Cutibacterium, one of the facultative anaerobes that commonly colonizes in human skin, is a lipophilic organism that is rich in sebaceous glands, such as face, chest, and back. The back is dominantly colonized by
Cutibacterium, along with some of the Betaproteobacteria and Flavobacteriales [
17].
Cutibacterium plays an important role in maintaining the health of the skin, producing various substances that help protect the skin from harmful bacteria, fungi, and viruses. Among them are short-chain fatty acids (SCFAs), such as propionic acid which helps to lower the pH of the skin, creating an environment that is unfavorable for harmful microorganisms such as
S. aureus [
23].
In a previous study, it was revealed that
C. acnes solubilized Ca-P and relieved CKD-associated pruritus, by producing SCFAs. Furthermore, the study found that the
Cutibacterium genus has a relatively low abundance of itchy skin in patients with CKD [
24]. Our study supports the above findings. Thus, it can be concluded that the reductions in the abundance of
Cutibacterium are related to CKD-associated pruritus.
The finding that loss of
Cutibacterium has a significant effect on pruritus suggests therapeutic strategies. In atopic dermatitis, where a relatively large number of studies related to the skin microbiome have been conducted, there are earlier studies that claim a correlation between disease severity and the abundance of
S. aureus. In addition, it is known that the number of
S. aureus is higher when disease flare was present, compared to that at baseline or in the posttreatment state [
25]. Accordingly, a topical agent called Staphefekt, a bacteriophage lysin specific to
S. aureus, is currently being researched [
26,
27]. In the same way, treatments that increase the abundance of
Cutibacterium may create a way to alleviate CKD-associated pruritus.
Meanwhile, another study claimed that
Escherichia-Shigella could be used as a biomarker indicating CKD. Also, the study claimed that
Escherichia-Shigella was correlated with itch severity [
12]. In our study, there was no significant difference in the quantity of
Escherichia between the control group and the ESKD group in the back.
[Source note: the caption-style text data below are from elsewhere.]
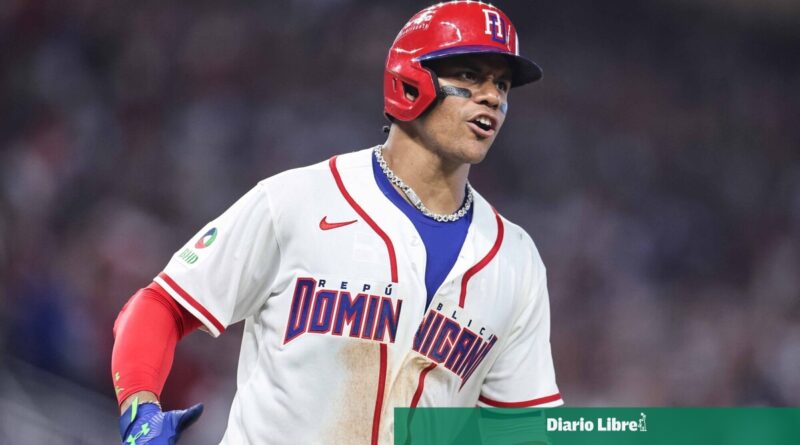 República Dominicana logra histórico nocaut a Países Bajos en Clásico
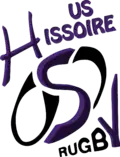 Ancien logo abandonné en 2019.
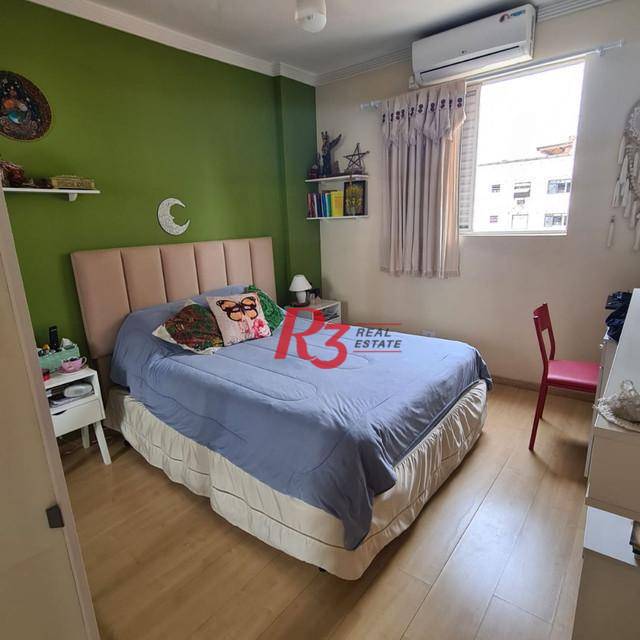 Apartamento à venda com 2 quartos, 74m² - Foto 9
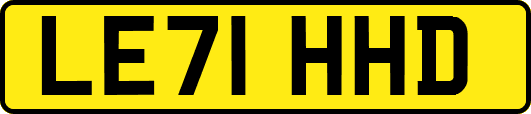 LE71HHD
Instead, an increase in
Escherichia was regarded as a potential biomarker showing high pruritus in the back, according to LEfSe analysis. Also, the quantity of
Escherichia and WI-NRS were found to have a significant positive correlation according to the Pearson correlation coefficient, which supports the previous finding. The relationship between the 5-D itch scale and
Escherichia also showed a similar result. This suggests that an increase in
Escherichia has a close association with itch severity in ESKD patients.
There are some limitations in this study. Since this experiment collected microorganisms in the skin, the result of experiment may be influenced by the external environment. We selected three areas with relatively little contact with external substances to minimize this range of fluctuation, but even so, this variable can be completely excluded. Additionally, although the difference in the average age wasn’t wide between the control group and the ESKD group, the p-value showed a significant difference. This result occurred even after excluding some elderly people who did not meet the criteria for eGFR in the control group. Therefore, the effect of age could not be completely ruled out, despite it is unlikely to be a decisive factor changing the result since the difference in average is not large. Lastly, the control group was not large since it was difficult to recruit healthy controls, especially among the elderly.
Nevertheless, this study is meaningful in that it is the first research worldwide to reveal the relationship between skin microbiota and CKD-associated pruritus in several skin sites, in ESKD patients. It is also the first to explain why the back is the itchiest area in ESKD patients, from the perspective of the skin microbiota. In addition, this research was able to identify a specific genus that significantly affects CKD-associated pruritus. These findings may be useful in developing prebiotic or probiotic therapies aimed at relieving CKD-associated pruritus.